Haliburton tells us that the festival of the dead or feast of ancestors is now, or was formerly observed at or near the beginning of November by the Peruvians, the Hindus, the Pacific Islanders, the people of the Tonga Islands, the Australians, the ancient Persians, the ancient Egyptians and the northern nations of Europe, and continued for three days amongst the Japanese, the Hindus, the Australians, ancient Romans and the ancient Egyptians. The month of November was formerly called in Persia "the month of the Angel of Death."
With regard to the Peruvian festivities of the dead, he writes "The month in which it occurs, says Rivers, is called Aya Marca, from Aya a corpse, and Marca 'carrying in arms,' because they celebrated the solemn festival of the dead with tears and lugubrious songs and plaintive music, and it was customary to visit the tombs of relations and to leave food and drink, and this on the same day as the Christian festival (November 2nd). In Mexico the festival of the dead was held on November 17th, and a human victim was offered up to avert the dread calamity believed to be impending over the human race."

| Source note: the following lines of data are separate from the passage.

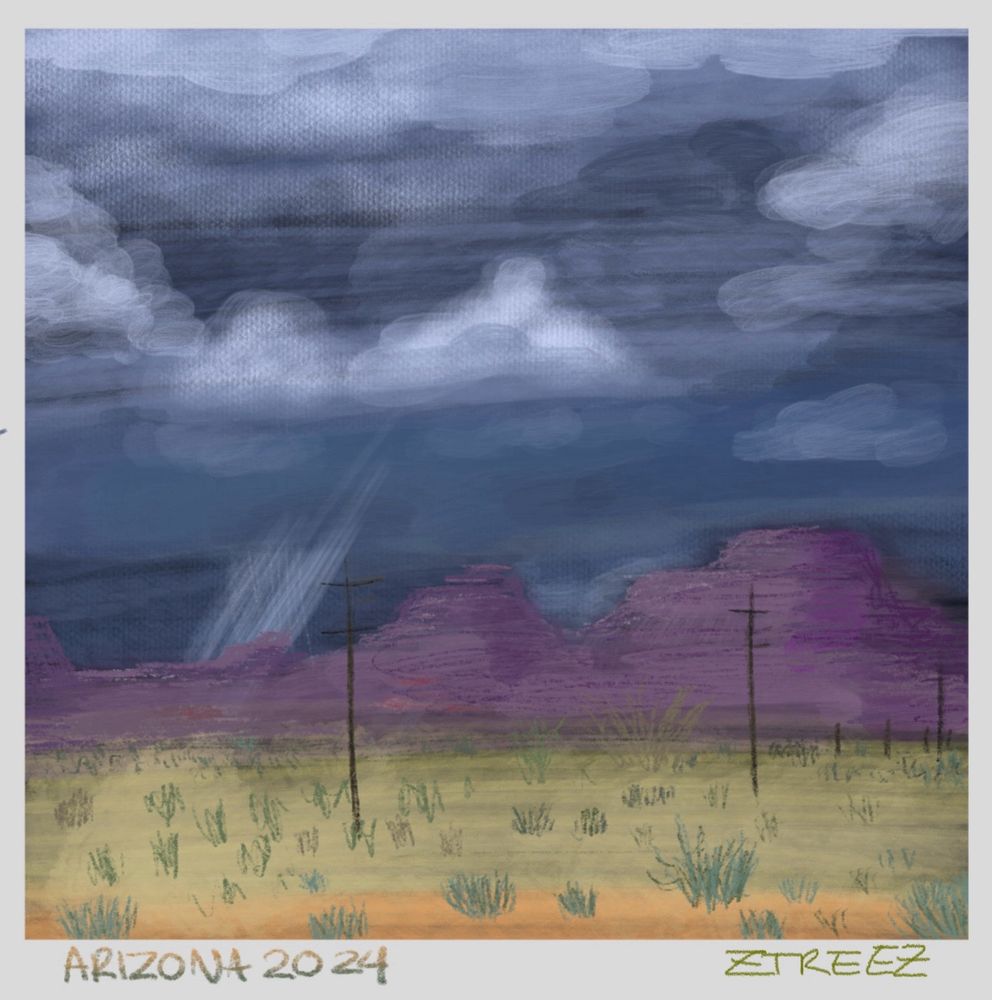 Scribble like Illustration drawing by Zoë Treez

The drawing is of an Arizona inspired landscape with stormy clouds and breaking light beams. Dry grass and small spiky bushes and purplish mountains in the distance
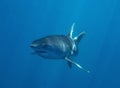 Mako Shark Isurus oxyrinchus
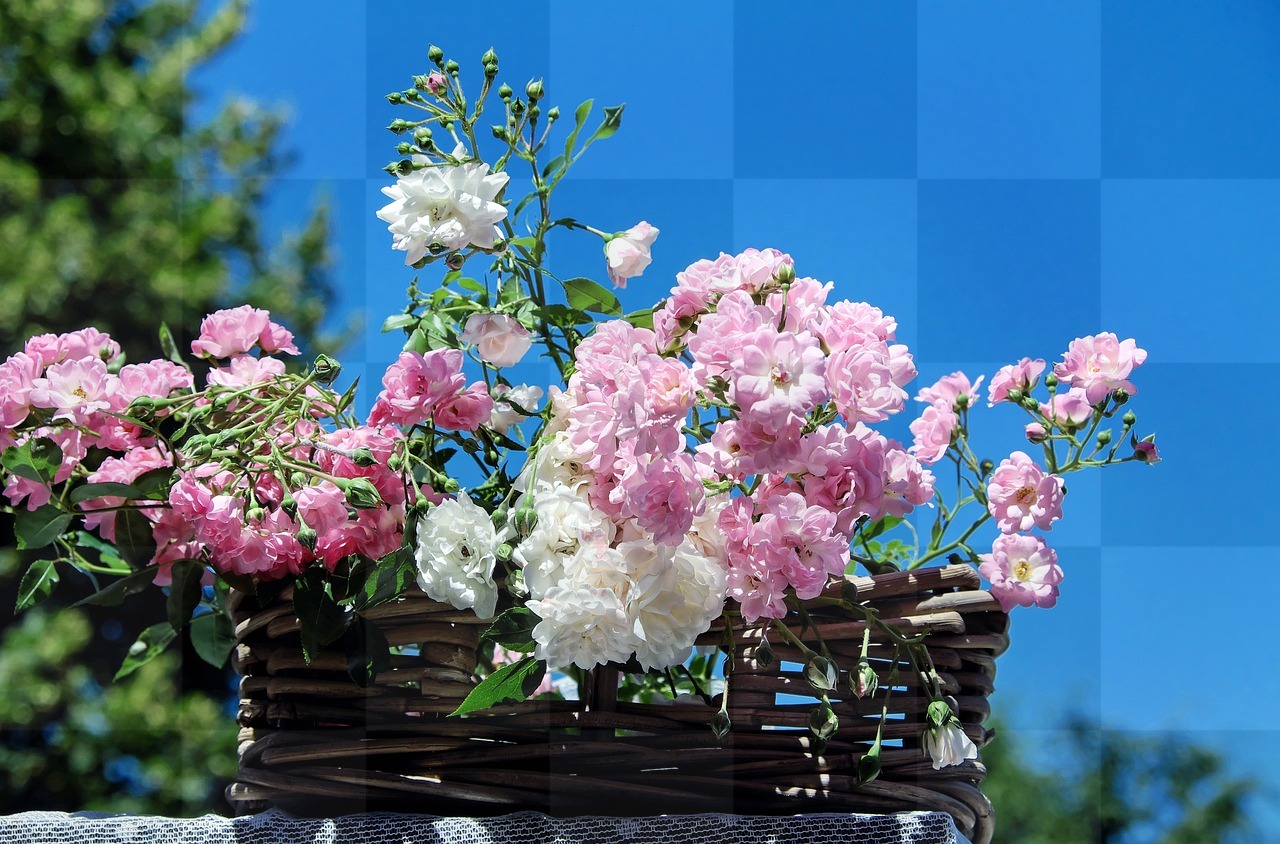 Download Beautiful Rose Images: Bouquet of Roses, Blossom, Backgrounds for Web and Social Media Designs!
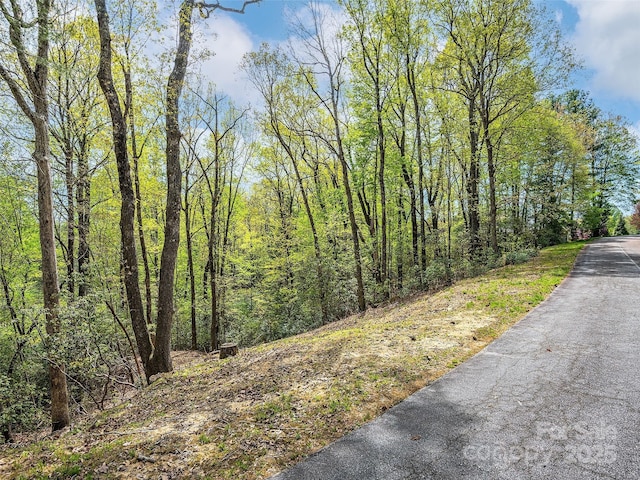 LOT53 Winterberry Dr, Hendersonville, NC 28739 - photo 4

The Corsicans slaughtered oxen at the grave, giving the meat to their neighbours in honour of the dead. Bread, wine and meat were thus distributed, whilst in modern times bread and wine are served to the poor in this manner on the anniversary of the death of those who can afford to do so, and particularly on the feast of the dead, November 1st.
Garnier says that "in Rome the festival of the dead, or Feralia (called Dii Manes or 'The day of the spirits of the dead'), commenced on February 17th, corresponding also to the 17th day of the second month." Many other instances could be quoted.
In some countries it is believed that on the special day set apart in honour of the dead, the spirits return for the occasion in order to be once more with their friends.
In Japan on this festival, little boats made of straw and paper are placed on the water in order that the souls may thus be conveyed to their relations.
In Brittany a plate of pancakes is provided for their entertainment, but the ghostly visitors must not linger too long over their meal, for they are bound to return to the spirit world before cockcrow.
The Serbians give their dead a special entertainment on the occasion of the Feast of their Patron Saint George (May 6th, orthodox calendar). It is a time of much rejoicing, and is accompanied by a great slaughtering of animals, which are roasted on spits in the open air. The graves are decked with flowers in profusion, whilst the choicest dainties are also placed there for the delectation of the honoured dead.
This is an ancient pagan ceremony of ancestor worship which, since Christian times, has been respectably hidden beneath the cloak of St. George.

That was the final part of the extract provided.